外部のネットワークからのメールクライアントの接続を許可する場合、SMTP-AUTH による認証メカニズムの導入は必須であると言ってもよいだろう。昔は POP before SMTP なる技術が採用されたりもしたが、SMTP-AUTH が標準化され普及した今ではその意義もなくなっている。
メールクライアント (MUA: mail user agent) からの接続と、メールを配送するサーバ (MTA: mail transfer agent) からの接続を同一のホストで受ける場合、接続を受け付けるポートは別にしたほうが都合が良い。なぜなら、MUA からの接続と MTA からの接続を区別し、メールサーバの挙動を切り替えたい状況が多いからだ。
例えば、MUA からの接続に対しては SMTP-AUTH による認証を必須とする代わりに受け付けるメールの制限は少なくし、MTA からの接続に対しては認証を行わず受け付けるメールは自ドメイン宛のものに限定する、などといった類である。
同一ポートで、同様の切り替えを行うことは可能ではあるが、ポートを別にしたほうが設定や方針が分かりやすい。そのほうがミスを減らせるのではないか。
以下では、Postfix 2.7.1 を使用して、submission port (587) に、MUA からの接続を受け付ける SMTP サーバを用意し、SMTP-AUTH (SASL) による認証を必須とする設定を行う。
まず、main.cf に追加する smtpd に関する設定。smtpd_recipient_restrictions は中継を許可または拒否する設定であり、デフォルトでは “permit_mynetworks, reject_unauth_destination” となっている。ここでは、2番目に permit_sasl_authenticated を追加しており、SASL 認証を通して送られてきたメールの中継を許可している。ルールは先頭から順に該当したものが適用されるので、permit_mynetwork に該当するもの(接続元が自ネットワークのもの)は全て許可、SASL 認証を通過したものは全て許可、それ以外は中継を許可されたドメイン宛のメールだけが許可される、ということになる。
smtpd_recipient_restrictions = permit_mynetworks, permit_sasl_authenticated, reject_unauth_destination
SASL 認証を行わない場合は、permit_sasl_authenticated に該当することはないので、結局のところデフォルトと同じ動作となる。
次に、master.cf の submission のところ(デフォルトでコメントアウトされている)を以下のようにする。先頭が空白の行は前の行から継続する行である。submission ポートに起動する smtpd は2~3行目に記述されているオプションが適用され、SASL 認証が有効、かつ、必須となっている。
submission inet n - n - - smtpd -o smtpd_sasl_auth_enable=yes -o smtpd_client_restrictions=permit_sasl_authenticated,reject
これで、submission ポートに接続した MUA に対しては SASL 認証が必須となる。したがって、main.cf に設定した permit_sasl_authenticated が適用され、MUA からのメールは受信者アドレスの制限を受けない。

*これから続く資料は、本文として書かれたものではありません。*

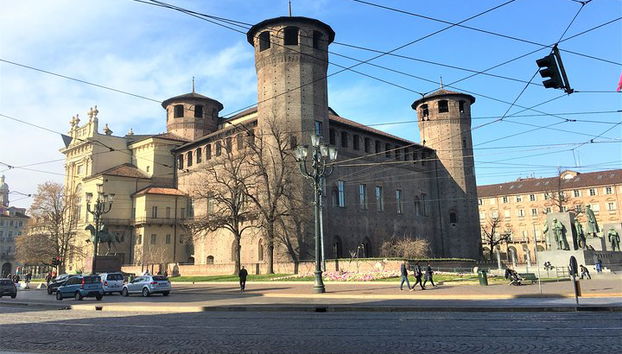 Torino barocca: esplora Piazza Castello con un tour audio autoguidato - Foto 3
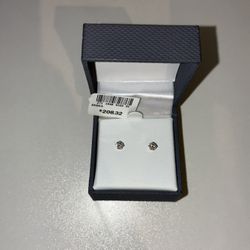 10k White Gold Diamond Earrings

MUA に対する SASL 認証を行うためのパスワードの設定は Cyrus のツールを使う。
$ sudo saslpasswd2 -c -u `/usr/pkg/sbin/postconf -h myhostname` (ユーザ名) Password: (パスワードを入力) Again (for verification): (もう一度パスワードを入力)
/usr/pkg/etc/sasldb.db が新規に作成、または更新される。smtpd は root として実行されないので sasldb.db の読み取り許可を確認して、smtpd が読み出せるようにしておく必要がある。

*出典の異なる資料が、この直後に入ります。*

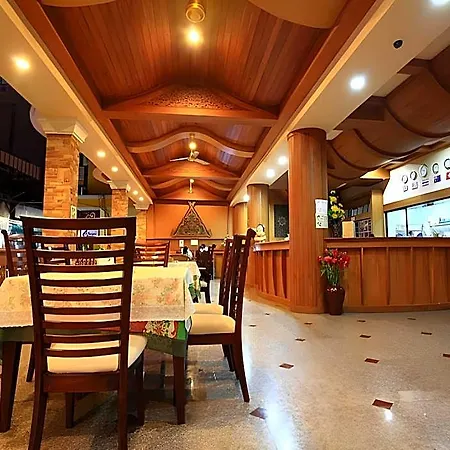 P72 โรงแรม 2*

NetBSD では user=postfix, group=postfix で実行されるので、sasldb.db のグループを mail にしてグループ読み取り許可を付加し、グループ mail にユーザ postfix を追加しておくのが良いのではないかと思う。
/usr/pkg/lib/sasl2/smtpd.conf を設定するとかいう話があるが、CRAM-MD5 で認証する場合は不要である(デフォルトで O.K.)。同様に saslauthd も不要。
なお、Windows で Avast! を使っていると、Thunderbird からメールを送るときにエラーになる。TLS を使わない設定にしていても、Avast! が勝手に TLS を使おうとするようだ。Avast! の設定で、送信メールの検査を無効にすれば TLS を使っていなくても接続できる。送信メールの検査と、TLS を使わないのとを両立させることができるかどうかは不明。